- [Data]:

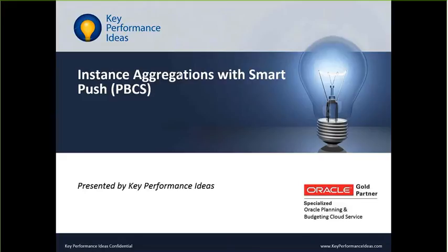Hi, I'm Steven Wang with Key Performance Ideas, and today I'll be going over instant aggregation with SmartPush.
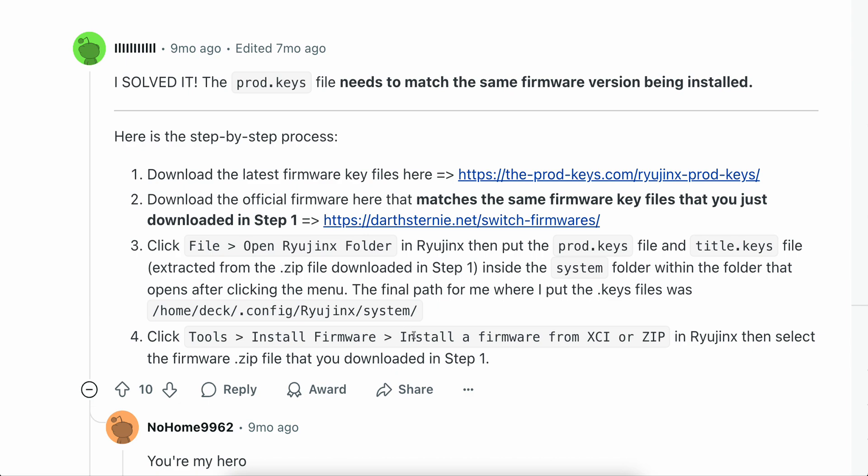Then click tools, install firmware, install firmware from XCI or zip in Ryujinx, then select the firmware.zip file that you downloaded in step one.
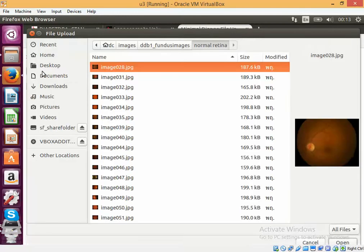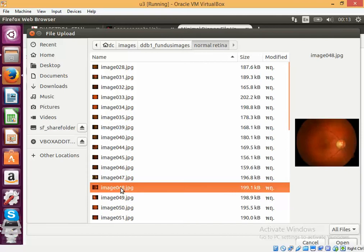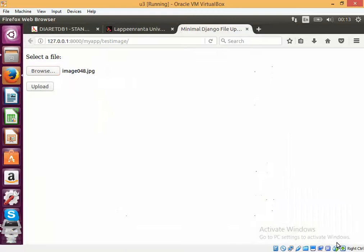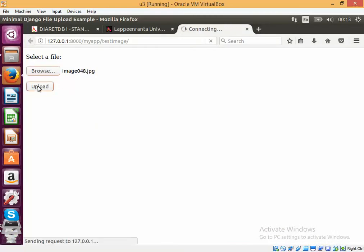Okay, let me browse a normal retina for example and let's see whether it can predict it properly. So this is in the folder normal retina. Let's open it and try to upload it.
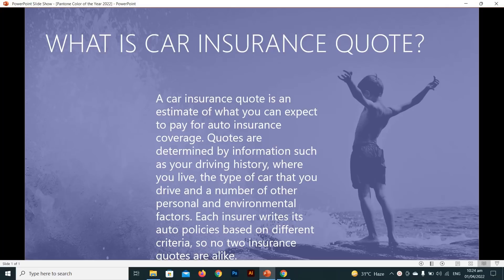Today I'm talking about car insurance quotes. So what is a car insurance quote? A car insurance quote is an estimate of what you can expect to pay for auto insurance. Quotes are determined by information such as your driving history, where you live, the type of car you drive, and a number of other personal and environmental factors. Each insurer rates its quotes based on different criteria.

- [Task description]:
Skip the pictures and copy exactly the lines from the one containing "Then click tools, install" through the end of the material, both ends included.

- [Task response]:
Then click tools, install firmware, install firmware from XCI or zip in Ryujinx, then select the firmware.zip file that you downloaded in step one.
Okay, let me browse a normal retina for example and let's see whether it can predict it properly. So this is in the folder normal retina. Let's open it and try to upload it.
Today I'm talking about car insurance quotes. So what is a car insurance quote? A car insurance quote is an estimate of what you can expect to pay for auto insurance. Quotes are determined by information such as your driving history, where you live, the type of car you drive, and a number of other personal and environmental factors. Each insurer rates its quotes based on different criteria.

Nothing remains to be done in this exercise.